▶ _MATERIAL PROVIDED_:
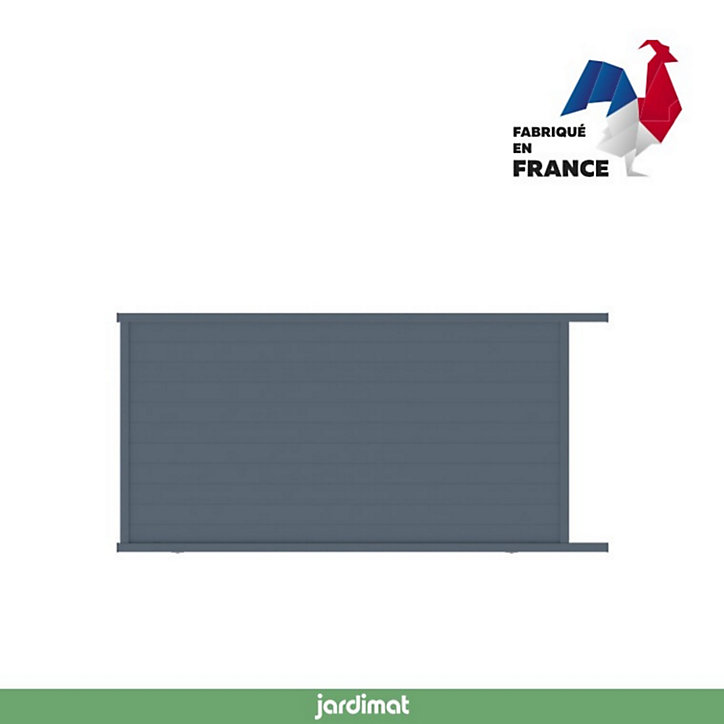 Portail Jardimat coulissant motorisé aluminium Alpes gris anthracite - 350 x h.190 cm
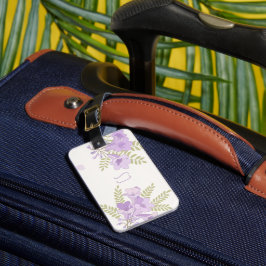 Etiqueta Para Maletas Flores de Jacaranda Personalizadas Botánica Austra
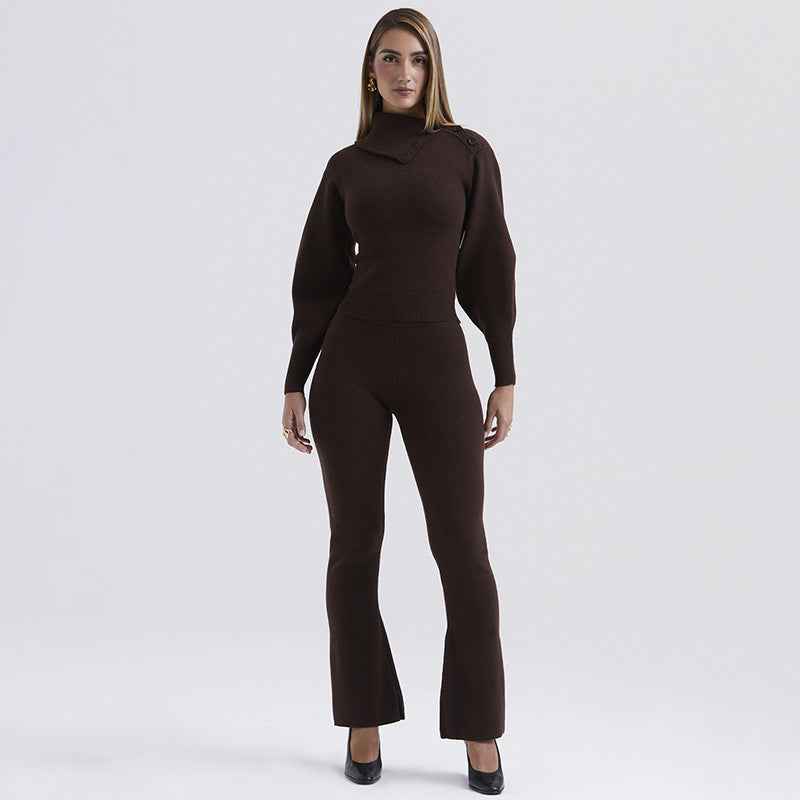 Winter Two Piece Set Sexy Trend Hooded Long Sleeve Straight Leg Pants Knitting Set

▶ _EXERCISE BRIEF_: Leaving out the images, repeat the listing above exactly.

▶ _REPLY TO THE TASK_:
 Portail Jardimat coulissant motorisé aluminium Alpes gris anthracite - 350 x h.190 cm
 Etiqueta Para Maletas Flores de Jacaranda Personalizadas Botánica Austra
 Winter Two Piece Set Sexy Trend Hooded Long Sleeve Straight Leg Pants Knitting Set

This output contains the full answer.